Sales from deliveries via aggregators such as Zomato and Swiggy account for 8% of Lite Bite Foods’ overall business, “but this could grow," said Aggarwal. The company said it is exploring ways of leveraging the existing delivery platform of aggregators, but could add its own fleet once its dark kitchens are operational.
Dark kitchens are typically no-frills attached kitchens that are developed to service high demand areas. They work as back-end kitchens that service delivery orders.

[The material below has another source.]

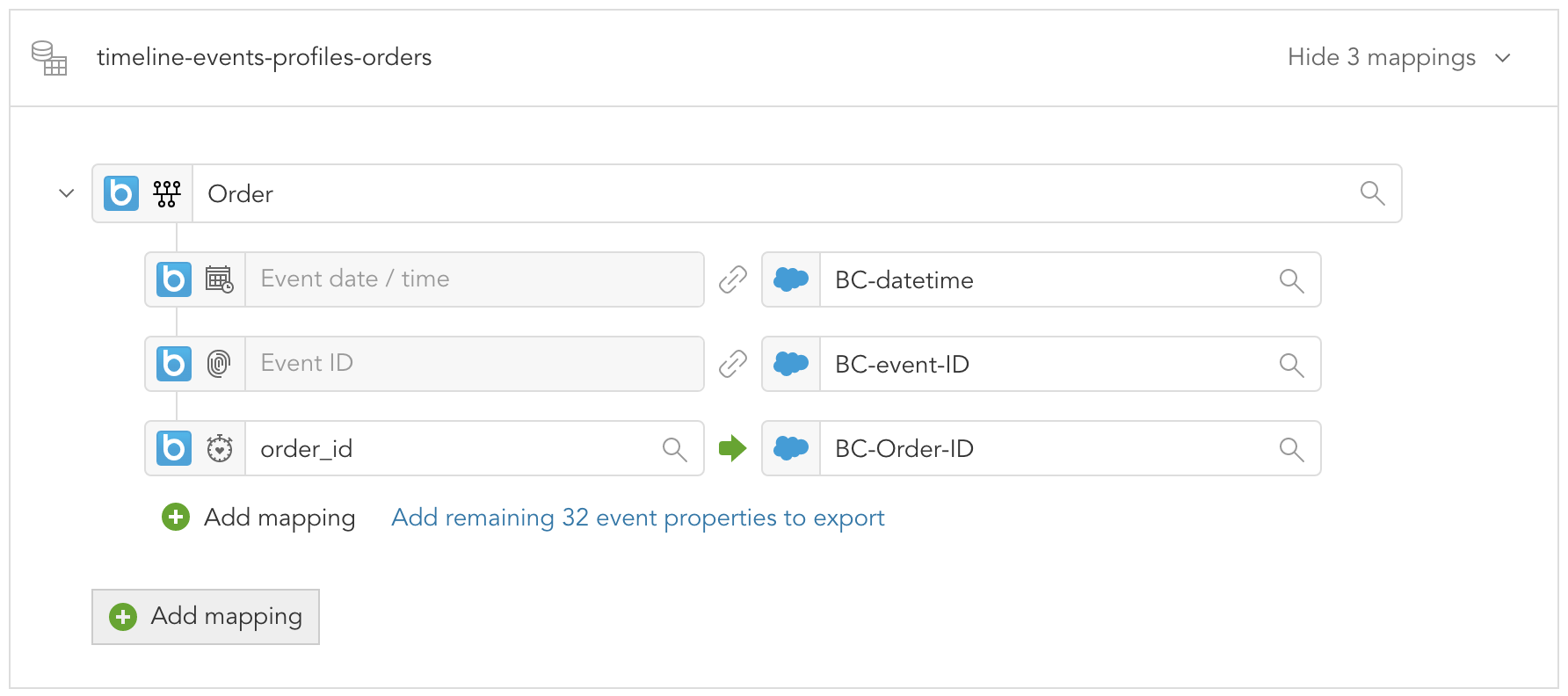 Setting up timeline event exports between BlueConic and SFMC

The move to expand dark kitchens comes as India’s online food delivery market is rapidly growing. In 2018, food aggregators clocked an annual gross merchandise volume of $1,700 million, a 130% jump from the previous year. These online food delivery companies now reach over 200 Indian cities, according to data from research firm RedSeer. Moreover, in December last year, online food delivery startup Swiggy raised a billion dollars in what was the biggest fund raising in India’s food technology market.
“The cloud kitchen sector is dominated by heavily funded internet-first restaurant players with their core strength in tech, process and discount doles. However, as the consumers move up the value chain from convenience and affordability to aspiration, the scale will tilt towards full-fledged restaurant brands, which will leverage their existing physical infrastructure," said Rahul Singh, president, National Restaurant Association of India (NRAI).

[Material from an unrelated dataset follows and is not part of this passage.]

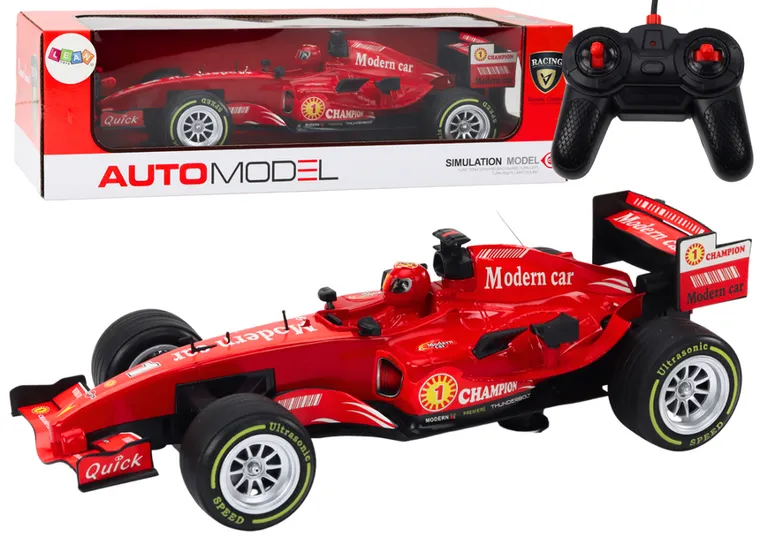 Lean Toys, wyścigówka, pojazd zdalnie sterowany, 1:12, czerwona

Equipped with delivery fleets and backed by huge funds, online food aggregators have also expanded the market for online ordering in India. As a result, the cost of customer acquisition for restaurants has come down, making the business of opening dark kitchens more viable, said Amuleek Singh Bijral, co-founder and chief executive officer of Chai Point. A few years ago, the quantum of delivery sales from aggregators for Chai Point were negligible. Today delivery via aggregators accounts for 75% of the company’s total deliveries. The chain has 150 stores, of which 10% to 12% are dark kitchens.
“Today the customer wants access and convenience, irrespective of the channel they are being fed through," said Bijral. Keeping that in mind, over the next two years as the chain is set to double store count, the percentage of dark kitchens is expected to go up to 15% to 20%.
A year after it started experimenting with dark kitchens in Gurugram’s Udyog Vihar area, KFC is now scaling its dark kitchens to expand its access to consumers in India. KFC runs more that 300 restaurants in India across multiple franchise partners.
“The logic and model for cloud kitchens is being proven in many different ways," said Samir Menon, managing director, KFC India. “The company’s pilot of its dark kitchen has done much better than what we expected," he said. “We believe it is another way to increase access to the consumer. We are already working with our franchise partners to look at how we can expand the concept," said Menon who chose not to reveal the number of such outlets the chain will add in the coming year.